February 14, 2018
Happy Valentine’s Day loves. While I’ve been slacking with everything else on this blog, journal entries are the only thing I’ve been consistent with. I’m working on it, I feel like I’ve just been all over the place this month, and I’m really confused about a lot of things. Not getting my period has thrown me out of whack, I think, too.
Honestly, I feel it may be a personal thing for me right now, that I need to get through this and figure out what I’m doing. This is always the worst time of year for me, and I don’t even know why other than it’s Winter and it’s depressing. I’m in a relationship and I’m still feeling out of sorts. I think the distance thing kind of made that one even harder to count.
And now work has me working crazy hours this week, and I don’t even want the extra hours really, but my paycheck should be a good one.

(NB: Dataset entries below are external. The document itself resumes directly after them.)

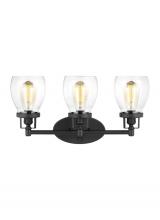  4414503-112 - Belton transitional 3-light indoor dimmable bath vanity wall sconce in midnight black finish with cl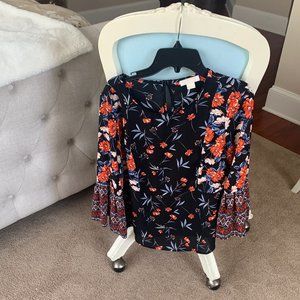 Finn Grace Floral Blouse in Red/Blue Size XS
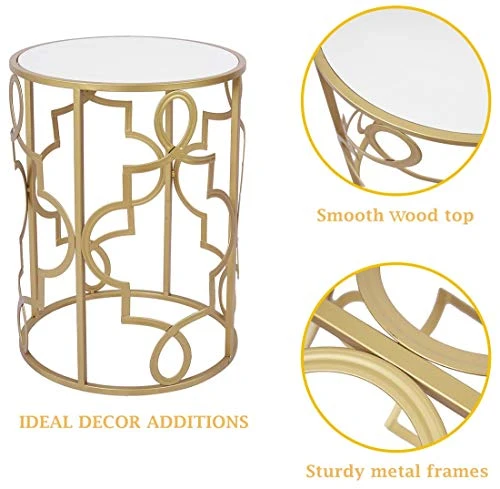 Gold&White Round Nesting Side End Tables Set Of 2 In Wooden Top, Assemble Already, Small Coffee Tables For Living Room Small Space, 16.5" D X 22" H & 14" D X 19" H - Image 4
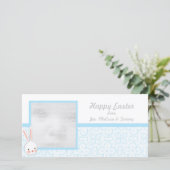 Blue Bunny Easter-fotokaarten Feestdagenkaart (Staand voorkant)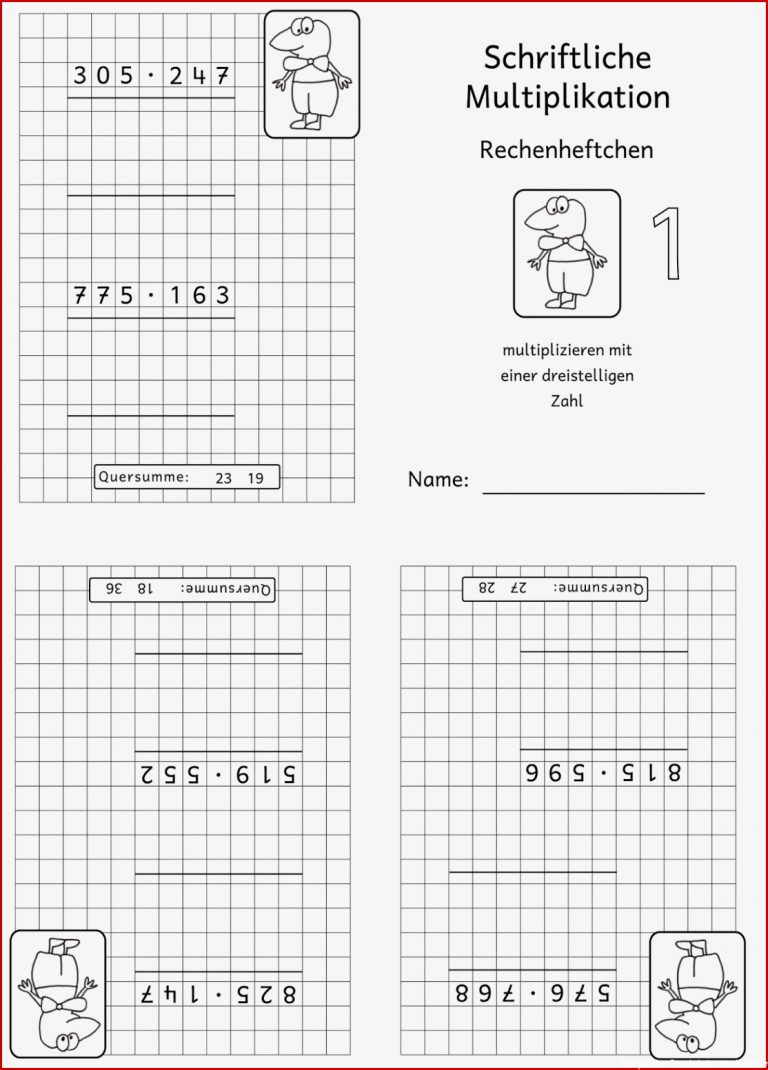 20 Arbeitsblatt Schriftliche Multiplikation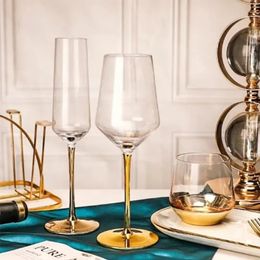 Wine Glasses Creative Gold Electroplating Wine Glasses Cup Luxury Leadfree Crystal Goblet Champagne Glass Cocktail Wedding Drinkware 231205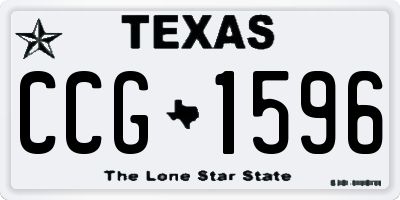 TX license plate CCG1596
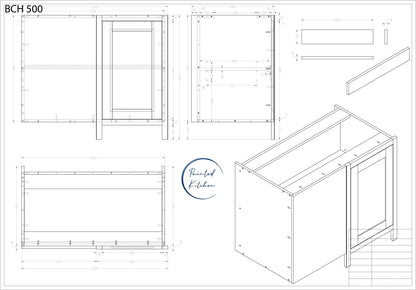 BCH 500 - Blind corner with 500mm door and frame - The Painted Kitchen Company Ltd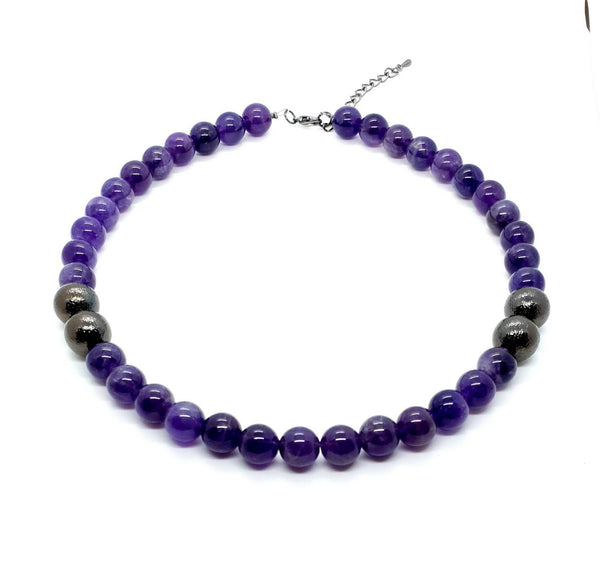 Crystal Beaded Necklace | Brass Beads Necklace | Queebo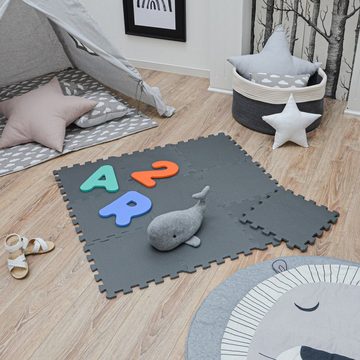 LittleTom Puzzlematte 9 Teile Baby Kinder Puzzlematte ab Null - 30x30cm, Baby Kinder Puzzlematte grau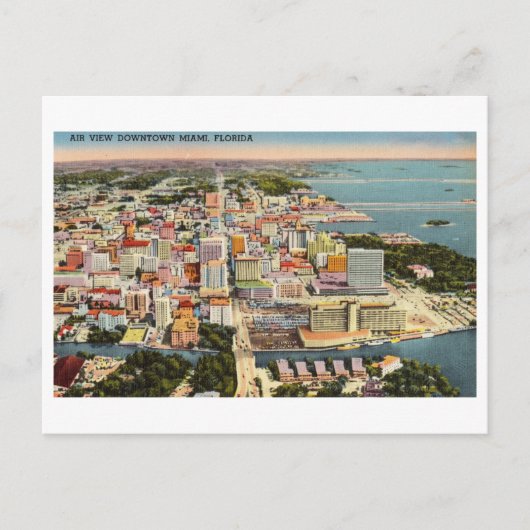 Bird's Eye Uitzicht van Miami, Florida,  Briefkaart (Voorkant)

Trying to focus on that. It just makes it hard to get anything accomplished. And I had a three day weekend – and did absolutely nothing productive outside of some cleaning.
I’m in a funk, I know I’ll get out of it eventually, but right now it just really sucks. I don’t know what I’m doing, and I need to get myself back on the right track, but right now I just feel so unmotivated to do anything.
I know I need to talk to Ray, too. I haven’t even told him any of this, or anything that’s been bugging me lately. And I should be able to talk to him about things… but I feel like I’d just be bothering him with stupid problems when he has a lot going on. And I’m overthinking so much lately.
Because I texted him good morning and happy Valentine’s Day, and he just texted me back, “Happy Valentine’s Day! Wish I could see you today.” And that’s the first time he’s mentioned anything close to missing me lately. Maybe that’s my issue with him right now, I want him to say more things. I need him, too. I’m a needy individual when we have a lot of distance between us, and I don’t know when I’ll get to see him. It worries me. Because it makes that image of us making it really blurry. And I want to see him. I have nothing to look forward to right now.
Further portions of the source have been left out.